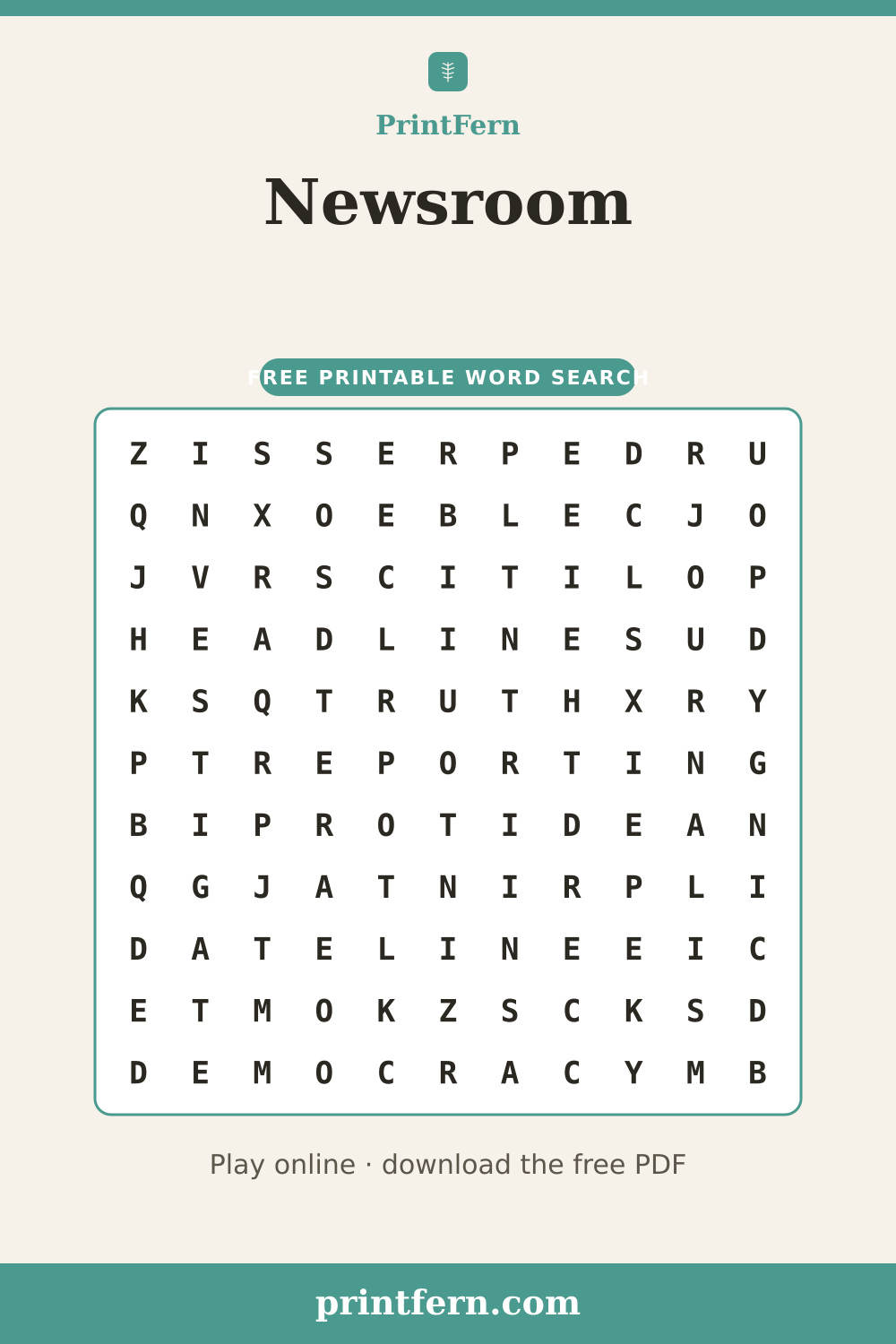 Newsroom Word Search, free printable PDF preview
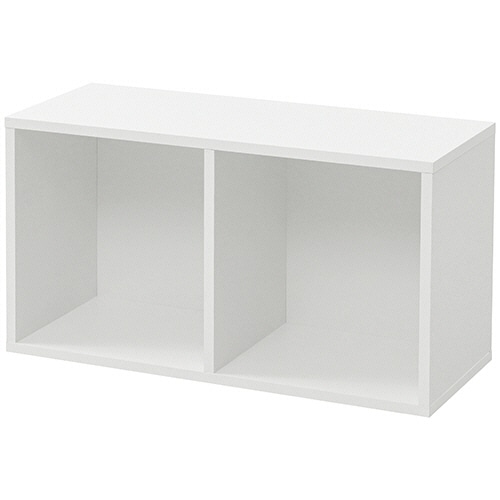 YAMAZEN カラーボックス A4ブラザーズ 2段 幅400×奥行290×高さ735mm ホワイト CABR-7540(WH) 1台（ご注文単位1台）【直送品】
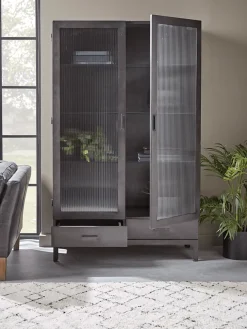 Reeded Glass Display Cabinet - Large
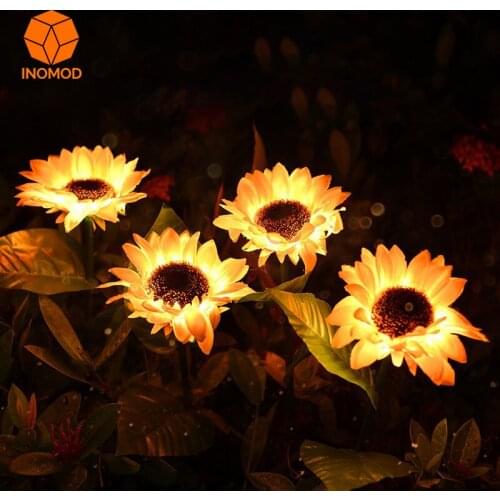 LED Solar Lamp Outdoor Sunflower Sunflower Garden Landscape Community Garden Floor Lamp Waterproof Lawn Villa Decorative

- **Exercise goal**: From the line containing "YAMAZEN カラーボックス A4ブラザーズ" down to the end of the listing above, every line is to be returned exactly, though the pictures are not.

- **Result below**:
 YAMAZEN カラーボックス A4ブラザーズ 2段 幅400×奥行290×高さ735mm ホワイト CABR-7540(WH) 1台（ご注文単位1台）【直送品】
 Reeded Glass Display Cabinet - Large
 LED Solar Lamp Outdoor Sunflower Sunflower Garden Landscape Community Garden Floor Lamp Waterproof Lawn Villa Decorative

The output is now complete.